Joint Research Conference
June 24-26, 2014
Reconstructing a free-form surface from 3-dimensional noisy measurements is a central problem in inspection, statistical quality control, and reverse engineering. We present a new method for the statistical reconstruction of a free-form surface patch based on 3-dimensional point cloud data. The surface is represented parametrically, with each of the three Cartesian coordinates (x, y, z) a function of surface coordinates (u, v), a model form compatible with computer-aided-design (CAD) models. This model form also avoids having to choose one Euclidean coordinate (say, z) as a "response" function of the other 2 coordinate \locations" (say, x and y), as commonly used in previous Euclidean kriging models of manufacturing data.
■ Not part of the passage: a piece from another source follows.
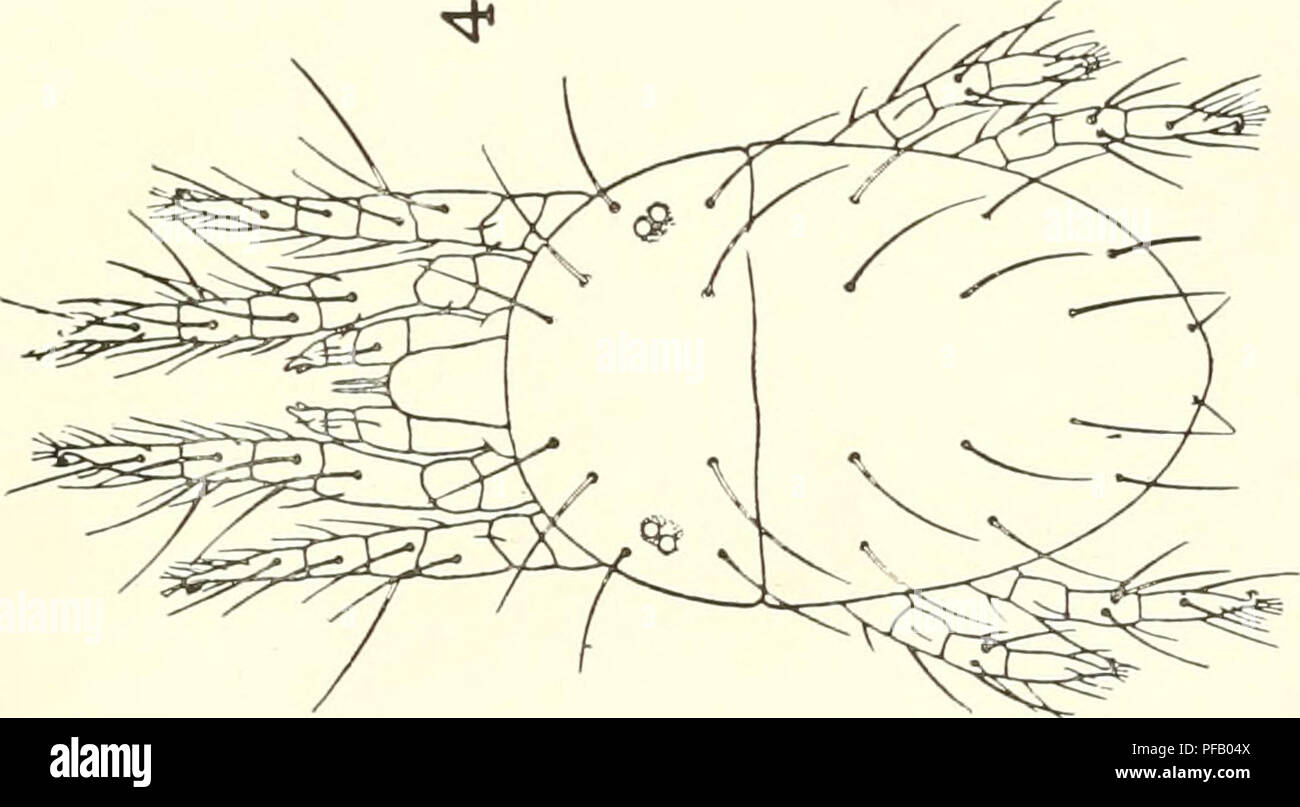 . Destructive insects affecting Ohio shade and forest trees. Beneficial insects -- Ohio; Insect pests -- Ohio; Trees -- Diseases and pests Ohio; Insects -- Ohio. . Please note that these images are extracted from scanned page images that may have been digitally enhanced for readability - coloration and appearance of these illustrations may not perfectly resemble the original work.. Houser, John S. [Wooster, Ohio : Experiment Station Stock Photo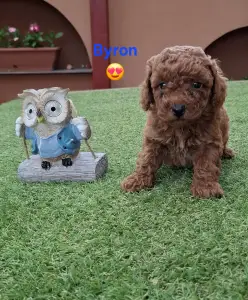 Caniche Nain - Byron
The (u, v) surface coordinates are computed using parameterization algorithms from the manifold learning and computer graphics literature. These are then used as locations in a spatial Gaussian process model that considers correlations between two points on the surface a function of their geodesic distance on the surface, rather than a function of their Euclidean distances over the xy plane. It is shown how the proposed Geodesic Gaussian Process (GGP) approach better reconstructs the true surface, filtering the measurement noise, than when using a standard Euclidean kriging model of the 'heights', i.e., z(x, y). The methodology is applied to simulated surface data and to a real dataset obtained with a non-contact laser scanner.